Simon Botherway, chairman of the Financial Markets Authority Establishment Board, told interest.co.nz in a Double Shot interview the Financial Markets Authority (FMA) had a “very good” chance of improving regulatory outcomes. However, much would depend on its budget. Botherway said the Establishment Board had put together a range of budget scenarios that have been submitted to the Ministry of Economic Development for consideration.
“It would be fair to say at the higher end of those budget estimates I think you’re probably going to get a better regulatory outcome than you would at the lower end,” said Botherway.
“What you’re looking at now on a run rate basis (if current funding levels are extrapolated over a year) is the Securities Commission’s annual operating budget at around NZ$15 million.”
The Establishment Board wants the FMA to boost market intelligence and surveillance capacity and Botherway notes the Commerce Commission and Reserve Bank receive much higher levels of taxpayer funding via the Government. In the year to June the Commerce Commission received NZ$43.29 million and the Reserve Bank received NZ$46.9 million.
Botherway says the FMA Establishment Board hopes the FMA, due to be up and running from next April, will get somewhere between NZ$15 million and what the Commerce Commission and Reserve Bank receive.
“Certainly we’d be looking for a decent sized kick up on that NZ$15 million,” says Botherway.
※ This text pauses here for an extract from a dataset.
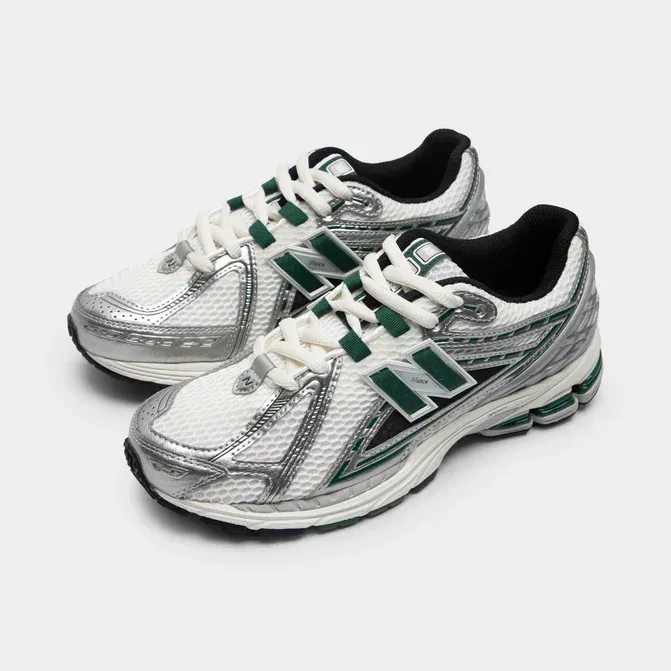 New Blance- 1906R Silver Metallic with Night Watch Green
“I think for double that (NZ$15 million) you’d have a very good regulatory apparatus and you could expect very good regulatory outcomes.” (Also see Bernard Hickey's article on why New Zealand should get serious about fraud.)
Investor confidence lost
The FMA is being set up to tackle a loss of investor confidence in financial market regulations in the wake of more than 60 finance industry failures since 2006, putting at risk more than NZ$8.5 billion of investors' money. See our Deep Freeze List for detail. Based on the Financial Markets (Regulators and KiwiSaver) Bill, currently working its way through Parliament, the FMA will consolidate regulatory functions of the Securities Commission, the Government Actuary, the Companies Office, and some from sharemarket operator NZX.
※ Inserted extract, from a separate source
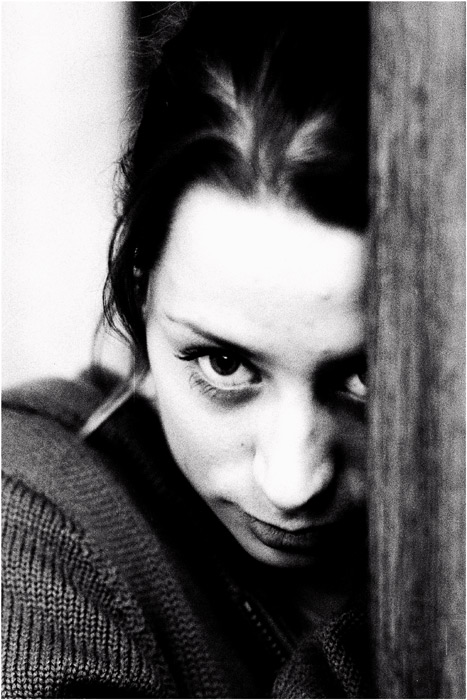 <b> . . . . . . . . . . </b>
The Bill raises the possibility of a levy on financial market participants to help fund the FMA.
Last week Botherway announced the appointment of expatriate New Zealander and Australian Securities and Investments Commission (ASIC) executive Sean Hughes as FMA CEO.
Botherway said Hughes, also the former global head of compliance at ANZ, had been the outstanding candidate for the job. Given his experience, Hughes had seen regulation both from the private sector and regulator enforcement side, Botherway added.
Among the new powers set out in the Bill is the ability for the FMA – along similar lines to ASIC - to take legal action on behalf of investors if it considers it’s in the public interest to do so. This could be against financial market participants such as issuers and promoters, owners, directors, senior managers, trustees, auditors and experts who make statements in prospectuses.
Botherway says he personally would also like to see a “substantial” review of the “whole area” of independent reports. This would cover the way independent experts, who provide views on the likes of takeover bids and moratorium proposals, are selected, the nature of their mandate, the way their opinion can be “narrowed” by the terms of the mandate they’re given, the process they go through to get the information required for them to form an opinion, and the “incentive alignment,” or how they’re paid and by whom.
“I don’t have a particular model in mind although I think the deficiencies we’re seeing in this area are not dis-similar in some ways to auditors and credit rating agencies who, in fact in some ways, have not wanted to bite the hand that feeds them in some instances,” said Botherway.
“I’m not saying that has been broadly observable but there are instances where I believe that auditors and credit rating agencies, and independent experts, could probably have done a better job and could have pushed back a little bit harder if they had a different duty, if you like.”
Under the Takeovers Code the directors of the takeover target are required to engage an independent adviser to provide views on the proposed deal. The adviser's fees are paid by the bidder. See the Takeovers Panel's guidance for independent advisers here. Commerce Minister Simon Power has said the role of independent appraisal reports will be considered under a review of the Securities Act.